---
title: "Mathematical Definitions of Sufficient Statistics"
output: rmarkdown::html_vignette
vignette: >
  %\VignetteIndexEntry{Mathematical Definitions of Sufficient Statistics}
  %\VignetteEngine{knitr::rmarkdown}
  %\VignetteEncoding{UTF-8}
---

```{r, include = FALSE}
knitr::opts_chunk$set(
  collapse = TRUE,
  comment = "#>"
)
```

## Overview

The **redeem** package models the intensities of interaction formation and
dissolution using a log-linear formulation. The intensity (rate) for a dyad
$(i,j)$ at time $t$ is:

$$\lambda_{i,j}(t) = \exp(s_{i,j}(\mathscr{H}_t)^\top \beta + \alpha_i + \alpha_j + f(t, \gamma))$$

where:

- $s_{i,j}(\mathscr{H}_t)$ is a vector of **sufficient statistics** derived from the
  history of interactions $\mathscr{H}_t$ up to time $t$.
- $\alpha_i, \alpha_j$ are actor popularity parameters.
- $f(t, \gamma) = \sum_{q=1}^Q \gamma_q \mathbb{I}(c_{q-1} \le t < c_q)$ is the baseline
  step-function representing temporal variation over change points
  $0 = c_0 < c_1 < \dots < c_Q$ (with $\gamma_1 = 0$).

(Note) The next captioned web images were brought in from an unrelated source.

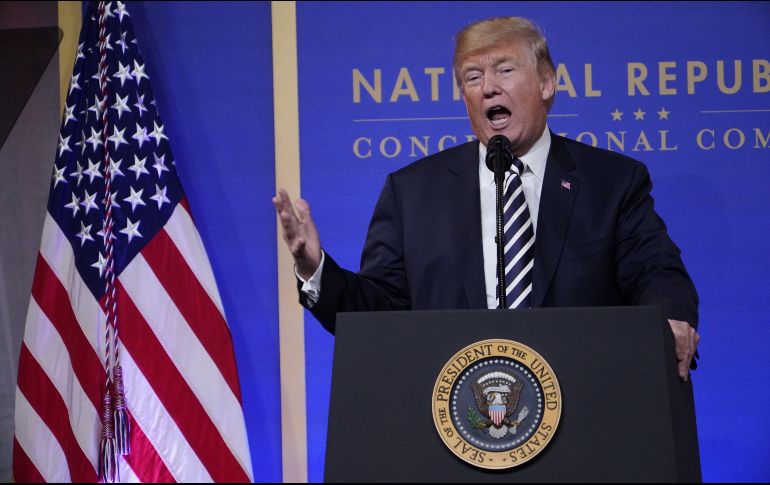 Trump explicó este lunes a periodistas la conversación telefónica que mantuvo con Putin. EFE/K. Dietsch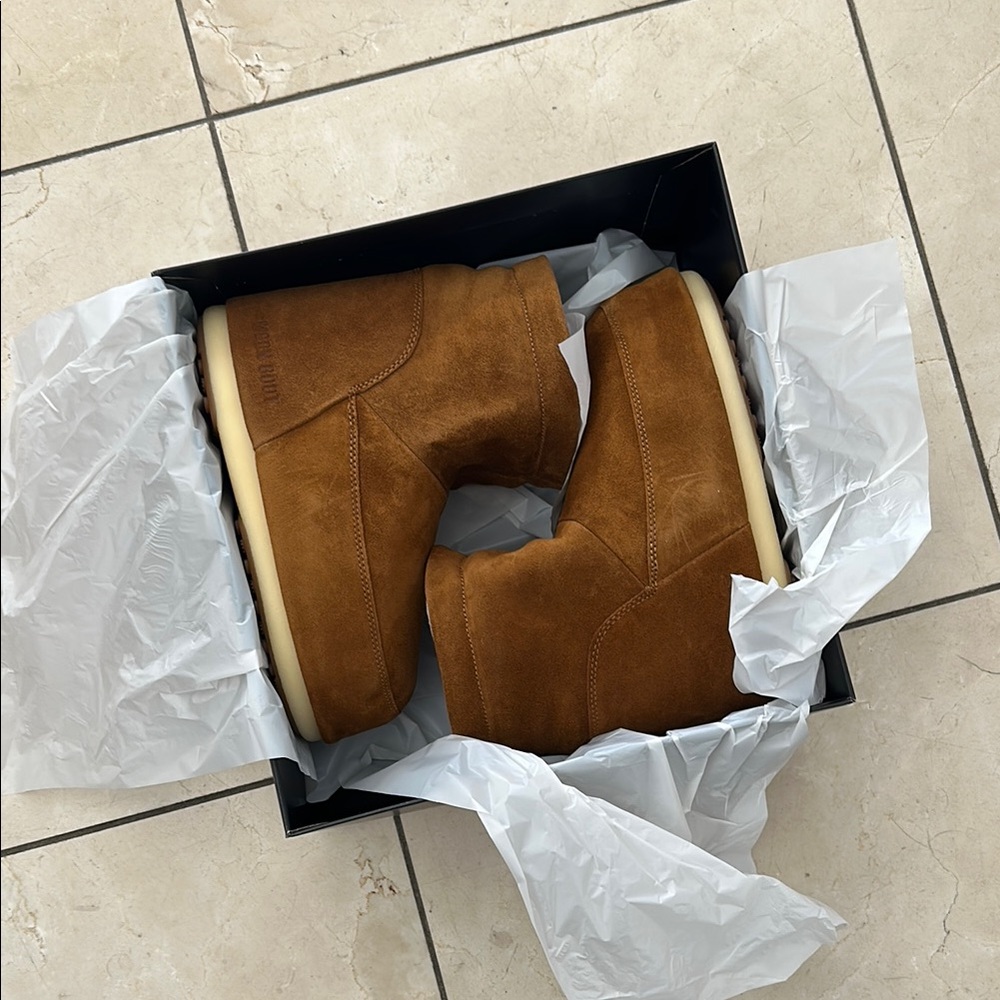 Moon Boot Icon No Lace Suede Boots (New, Fits Size 9-10.5)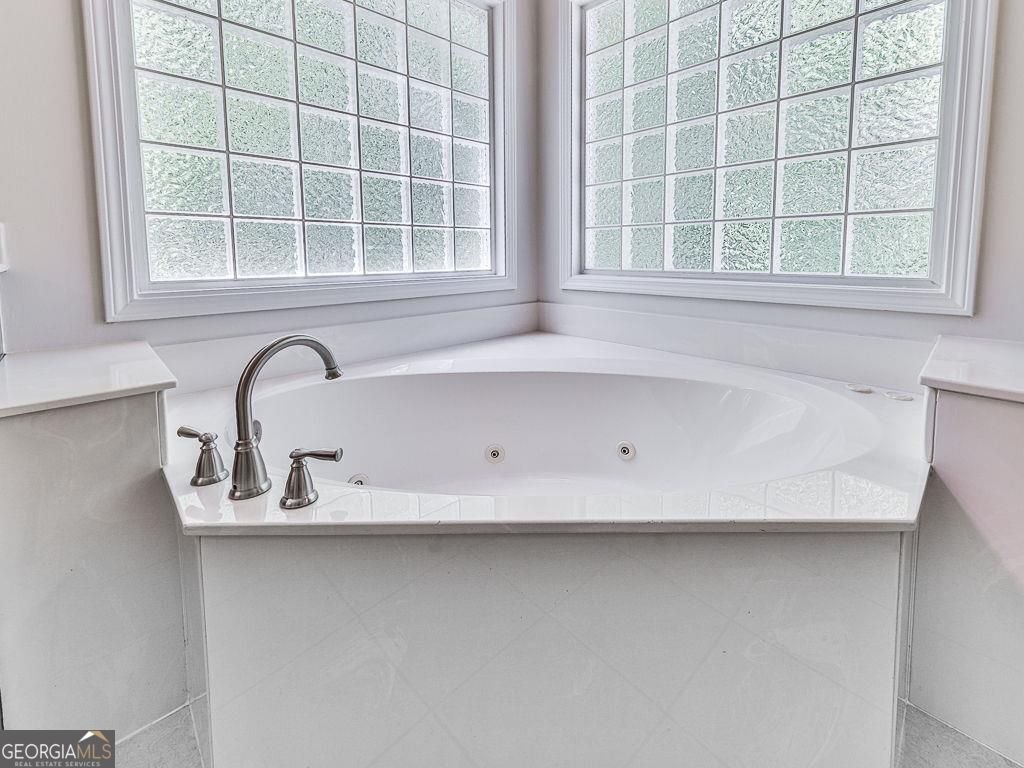 5037 Towne Lake Hills Woodstock - Photo 29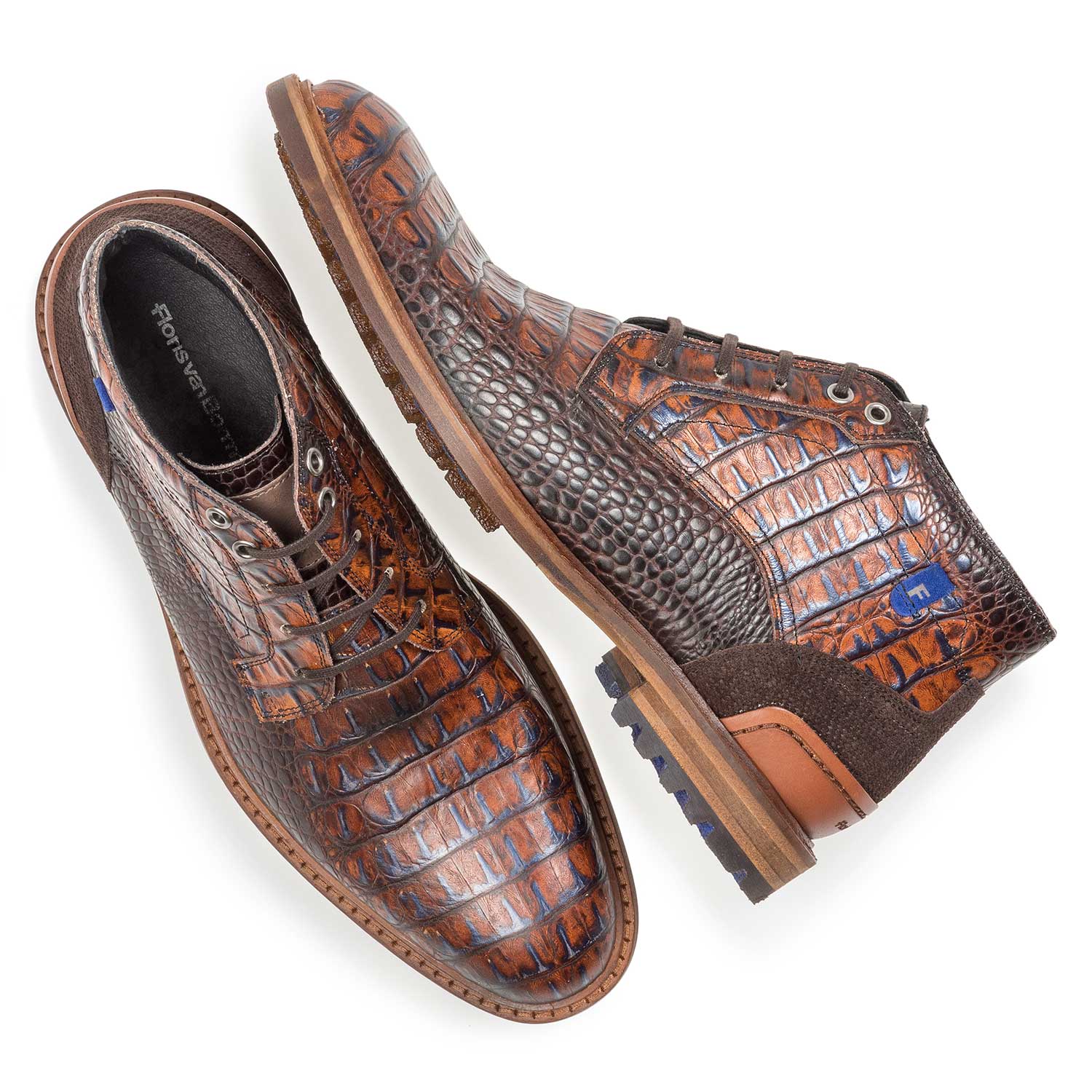 20228/24 - Leren veterboot cognac met crocoprint 20228/24 - Leren veterboot cognac met crocoprint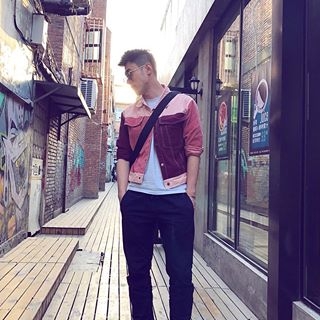 sunny的第二张照片--九龙闪婚服务中心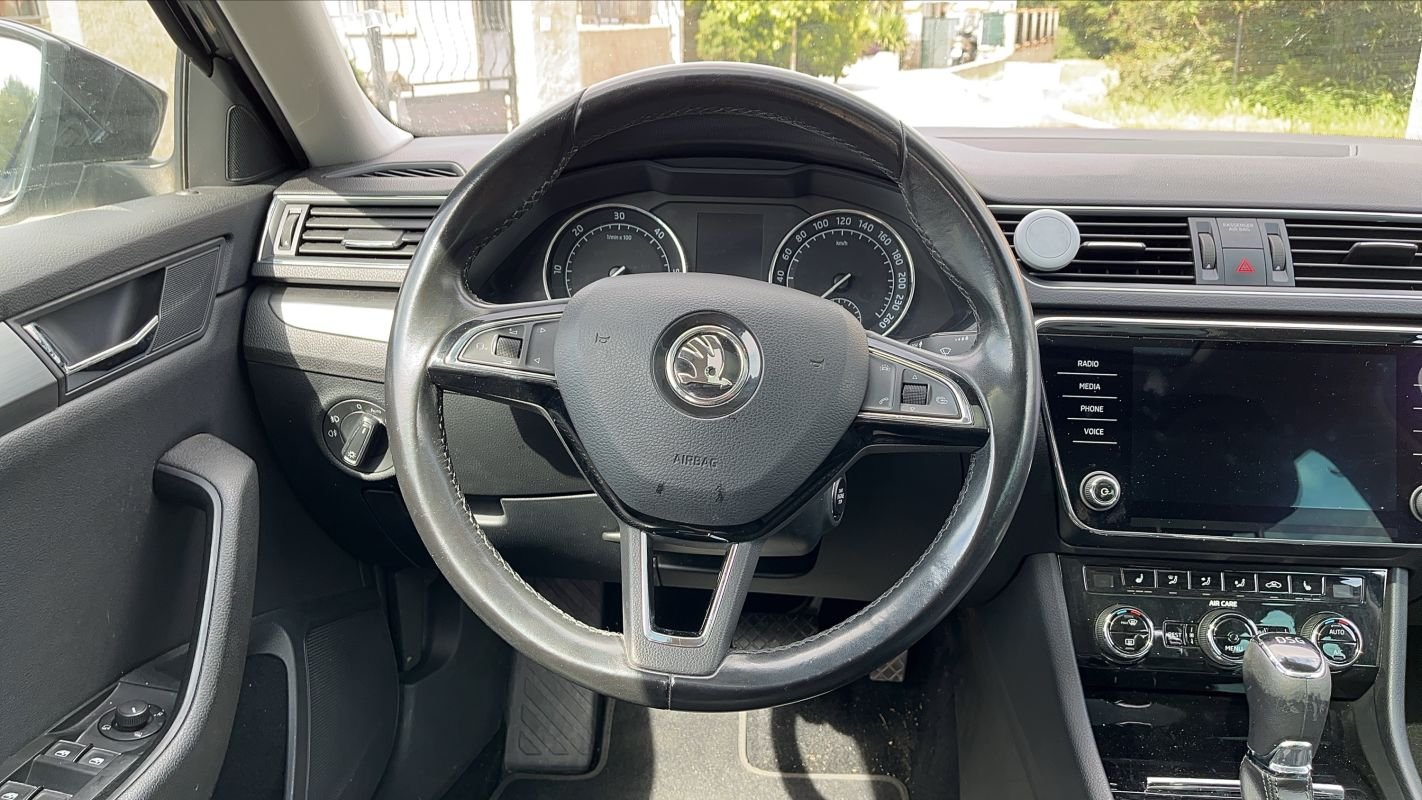 Skoda Superb - Photo 22
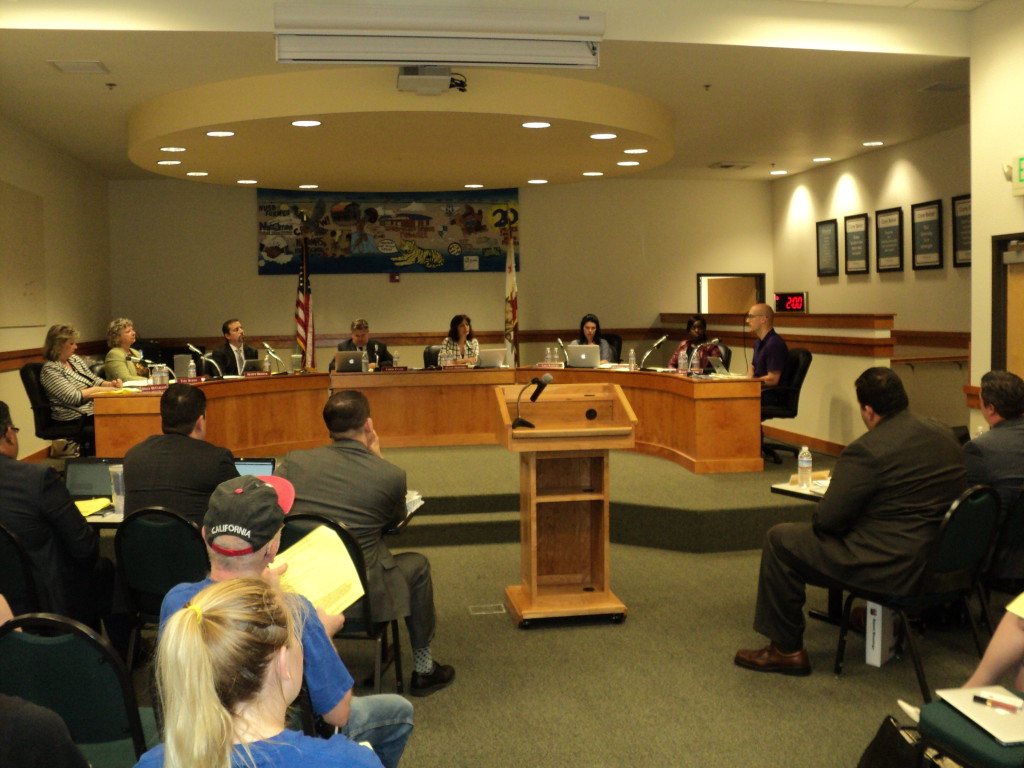 Natomas Unified trustees discuss the school district's newest school on Wednesday, April 9. / Photo: E. Sanchez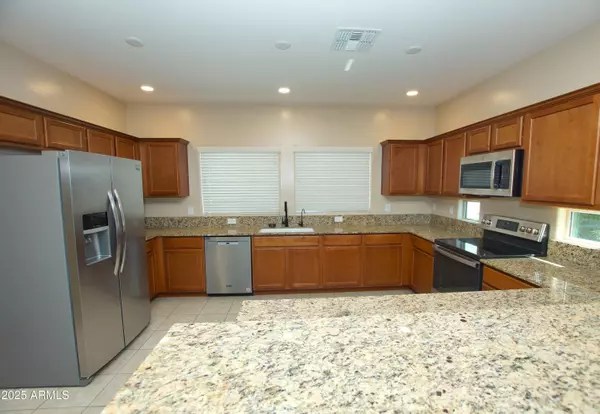 Phoenix, AZ 85085,2150 W ALAMEDA Road #1313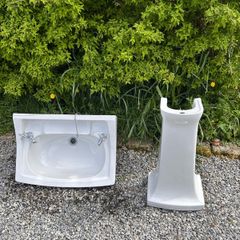 Bathroom Sink reclaimed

This vignette provides precise mathematical definitions for all sufficient
network statistics implemented in the package, as well as a guide for adding
custom statistics.

The complete list of available formula terms is documented in the
`redeem_terms` reference manual page. For model estimation, see
the help pages for the models via `dem` and `rem`.

---

## Statistic Transformations

Each sufficient statistic $s_{i,j}(\mathscr{H}_t)$ is defined as a transformed count
$f(N(t))$, where $N(t)$ is a raw network statistic. The package supports five
standard transformations $f(\cdot)$:

| Transformation | Mathematical Definition |
| :--- | :--- |
| **`identity`** | $f(s) = s$ |
| **`log`** | $f(s) = \log(1 + s)$ |
| **`recip`** | $f(s) = 1/(1+s)$ |
| **`bin`** | $f(s) = \mathbb{I}(s > 0)$ |
| **`sig`** | $f(s) = \frac{s}{s + K}$ |


---

## Endogenous Network Statistics

These statistics capture structural dependencies within the network evolution.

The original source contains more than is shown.